**Problem description**
What follows is a block of records; restate each one word for word.

-=-=-=-=-

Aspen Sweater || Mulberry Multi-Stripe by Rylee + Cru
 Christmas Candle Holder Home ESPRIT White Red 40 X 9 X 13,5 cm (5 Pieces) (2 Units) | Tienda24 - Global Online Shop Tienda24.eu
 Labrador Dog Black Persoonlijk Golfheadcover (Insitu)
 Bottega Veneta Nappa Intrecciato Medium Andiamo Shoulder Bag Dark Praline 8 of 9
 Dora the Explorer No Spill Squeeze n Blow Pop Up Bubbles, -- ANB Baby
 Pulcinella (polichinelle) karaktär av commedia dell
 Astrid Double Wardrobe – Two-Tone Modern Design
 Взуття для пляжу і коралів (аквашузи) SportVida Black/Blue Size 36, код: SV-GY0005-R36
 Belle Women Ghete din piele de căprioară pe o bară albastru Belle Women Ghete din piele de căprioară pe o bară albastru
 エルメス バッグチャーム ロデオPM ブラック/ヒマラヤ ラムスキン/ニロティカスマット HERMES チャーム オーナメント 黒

-=-=-=-=-

**Finished task**
Aspen Sweater || Mulberry Multi-Stripe by Rylee + Cru
 Christmas Candle Holder Home ESPRIT White Red 40 X 9 X 13,5 cm (5 Pieces) (2 Units) | Tienda24 - Global Online Shop Tienda24.eu
 Labrador Dog Black Persoonlijk Golfheadcover (Insitu)
 Bottega Veneta Nappa Intrecciato Medium Andiamo Shoulder Bag Dark Praline 8 of 9
 Dora the Explorer No Spill Squeeze n Blow Pop Up Bubbles, -- ANB Baby
 Pulcinella (polichinelle) karaktär av commedia dell
 Astrid Double Wardrobe – Two-Tone Modern Design
 Взуття для пляжу і коралів (аквашузи) SportVida Black/Blue Size 36, код: SV-GY0005-R36
 Belle Women Ghete din piele de căprioară pe o bară albastru Belle Women Ghete din piele de căprioară pe o bară albastru
 エルメス バッグチャーム ロデオPM ブラック/ヒマラヤ ラムスキン/ニロティカスマット HERMES チャーム オーナメント 黒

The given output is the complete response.